На первое свидание — по телефону и через стекло — моя жена поехала через семь месяцев. Хотя адвокат настойчиво предлагал приехать мне и среднему сыну. Но, слава богу, нас предупредили, что в России нам могут пришить "создание шпионской группы" и посадить.

После той встречи жена говорила, что сын очень подавлен. Он почти не спал и никак не мог смириться с тем, что произошло. Не мог принять эту несправедливость и очень страдал. Потом взял себя в руки, занялся спортом. Сделал гантели из бутылок с водой, начал отжиматься — больше тысячи раз в день. Раньше он не мог дотянуться руками до пола, а теперь почти садится на шпагат. Стал много читать — историческую литературу и книги по психологии. В "Лефортово" очень хорошая библиотека. Мы смогли передать ему в тюрьму Библию, а другие религиозные книги туда нельзя передавать. Мы ведь мормоны, а в России мормонов считают американскими шпионами. Поэтому я сканирую тексты из книг и отправляю ему в письмах.

Когда Валентин перестал бунтовать, он начал по-другому относиться к этой ситуации. Верит, что все будет хорошо, что скоро он вернется домой. Думает: раз Бог дал это испытание, значит, оно для чего-то нужно, и его надо пройти. Ни на что не жалуется.

Он очень изменился. Перед тем, как что-то сказать, долго думает, взвешивает. Наверное, это из-за того, как с ним обращались в первое время.

Валентин признал свою вину на суде, но только потому, что ему обещали дать за это маленький срок — пять-семь лет. Но обманули. Илья Новиков, который взял наше дело на моменте апелляции, говорит, что из-за признания нет смысла подавать иск в ЕСПЧ — мы все равно его проиграем. Но я на это внимания не обращаю. Есть же и другие пути: обмен или экстрадиция. Мы уже подали документы на нее.

Мне уже все равно, как он вернется — через обмен, помилование или экстрадицию. Главное — забрать его из России.

В начале августа у Валентина был день рождения. Ему исполнилось 33 года. В колонии в тот день как раз отключили свет и воду.
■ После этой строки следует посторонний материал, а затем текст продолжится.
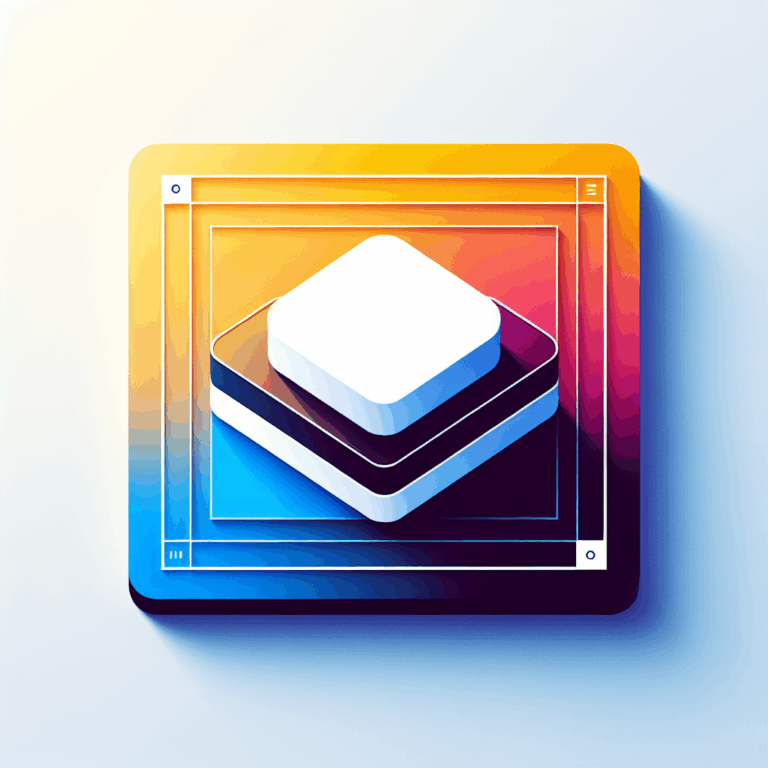 23 Best Marketplace WordPress Themes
Он был очень расстроен, сидел в темноте. На свидании мама рассказала ему, как отмечали этот день в Киеве — с толпой людей, на Майдане. Он был счастлив.

Я каждый день стараюсь делать что-то, чтобы имя Валентина было на слуху, чтобы власть о нем не забывала. Выхожу на акции, говорю об этом. Что я могу еще сделать?

Иногда пишу в письмах сыну о самолетах. Рассказываю о новых моделях, о выставках. Он ничего не отвечает на это. Не думаю, что он разлюбил авиацию. Что можно сказать о самолетах, сидя в тюрьме?